▶ **Task instructions**:
A verbatim copy of the records below, pictures omitted, is the task.
Task data Block Start
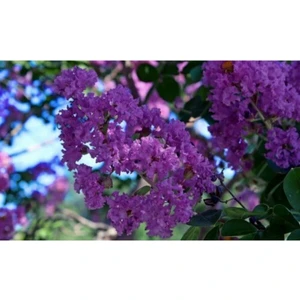 Serada Decor Plant  Mor Oya Ağacı Fidanı 100 cm Bahçe Dış Mekan Bitkisi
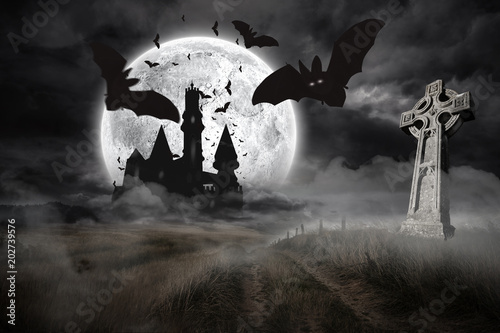 Bats flying from draculas castle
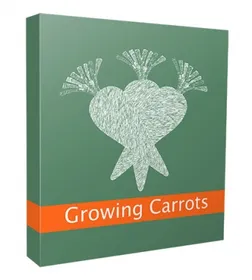 New Growing Carrots Niche Website V3 small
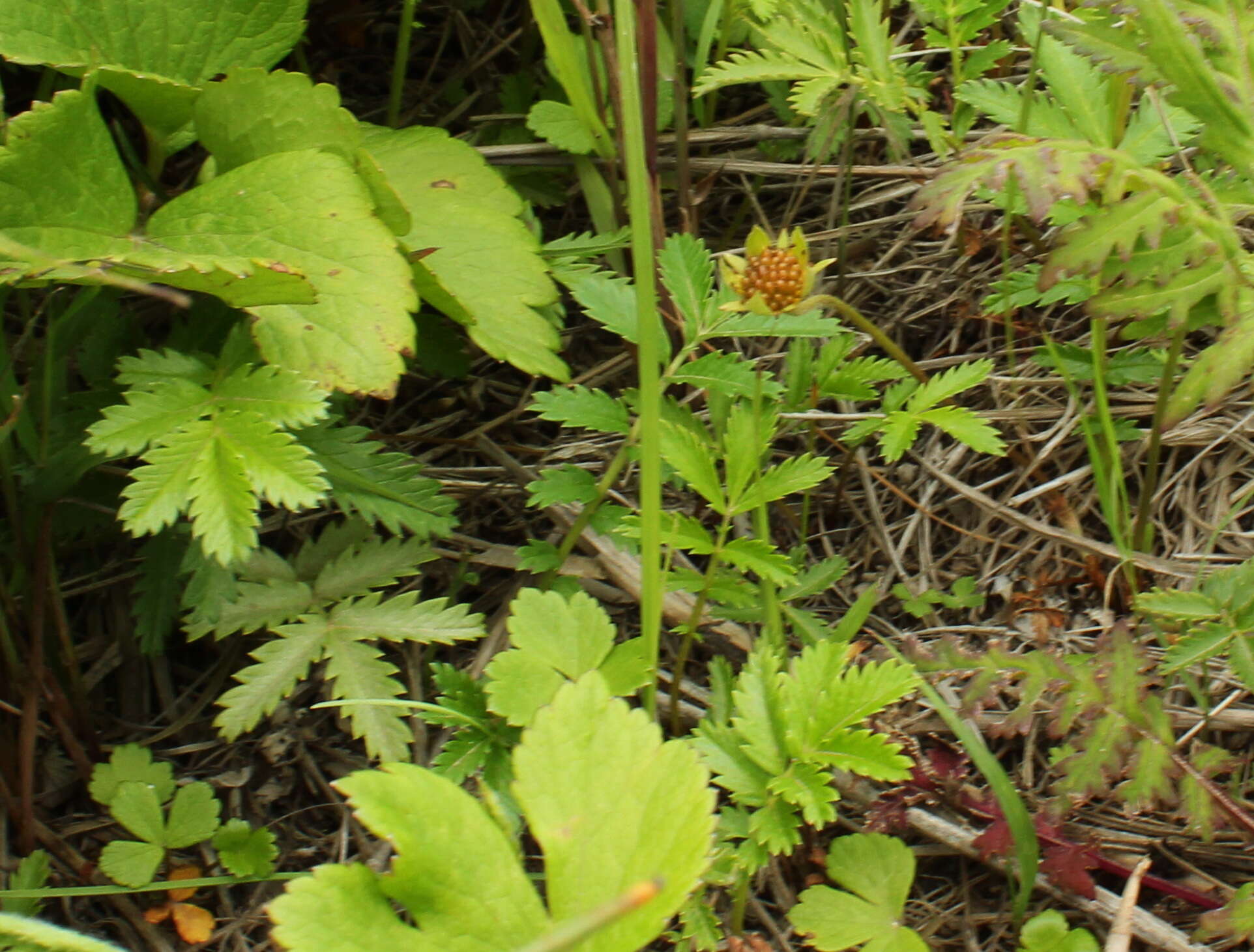 Image of Pacific silverweed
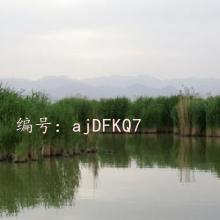 ׶
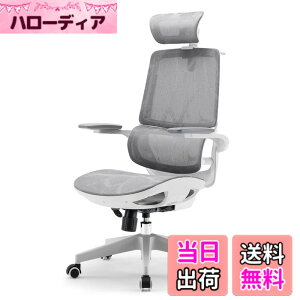�y���������zSIHOO M102C �I�t�B�X�`�F�A �Ɨ��������o�[�T�|�[�g �֎q �f�X�N�`�F�A 3D���ˏグ���A�[�����X�g �f�X�N�`�F�A �l�ԍH�w �`�F�A �e�����[�N ���Ȃ� M102C (�O���[) �F�F�O���[�A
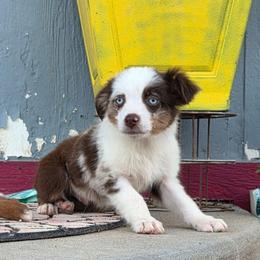 Aries - Red merle male Miniature Australian Shepherd puppy in Dalhart, Texas from RNL Family Raised Pups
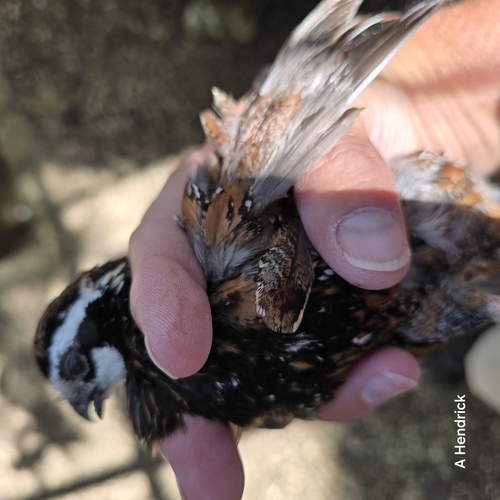Northern Bobwhite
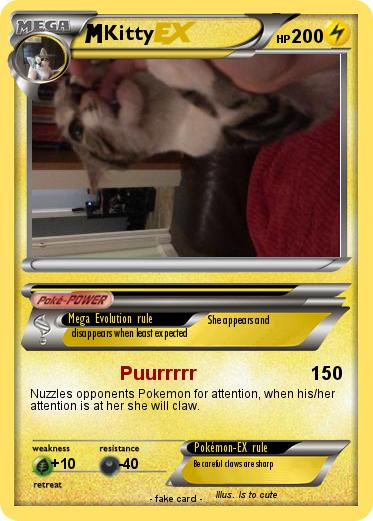 Pokemon Kitty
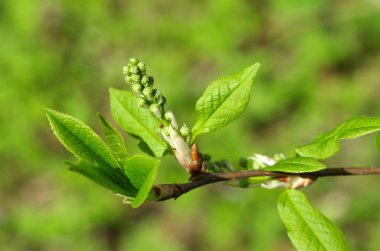 Bir kuş kiraz çiçek şube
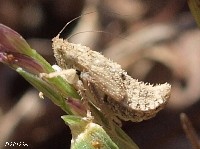 Leafhopper Nymph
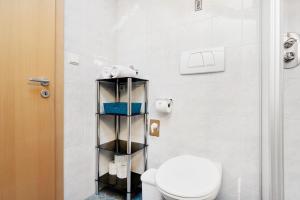 a bathroom with a white toilet and a shower at Malsethhof in Villandro +23 photos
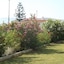 Leonidas Hotel And Studios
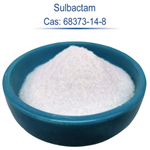 Sulbactam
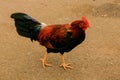 Hawaiian Wild Rooster Royalty Free Stock Photo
Task data Block End
▶ **Exercise response**:
 Serada Decor Plant  Mor Oya Ağacı Fidanı 100 cm Bahçe Dış Mekan Bitkisi
 Bats flying from draculas castle
 New Growing Carrots Niche Website V3 small
 Image of Pacific silverweed
 ׶
�y���������zSIHOO M102C �I�t�B�X�`�F�A �Ɨ��������o�[�T�|�[�g �֎q �f�X�N�`�F�A 3D���ˏグ���A�[�����X�g �f�X�N�`�F�A �l�ԍH�w �`�F�A �e�����[�N ���Ȃ� M102C (�O���[) �F�F�O���[�A
 Aries - Red merle male Miniature Australian Shepherd puppy in Dalhart, Texas from RNL Family Raised Pups
Northern Bobwhite
 Pokemon Kitty
 Bir kuş kiraz çiçek şube
 Leafhopper Nymph
 a bathroom with a white toilet and a shower at Malsethhof in Villandro +23 photos
 Leonidas Hotel And Studios
 Sulbactam
 Hawaiian Wild Rooster Royalty Free Stock Photo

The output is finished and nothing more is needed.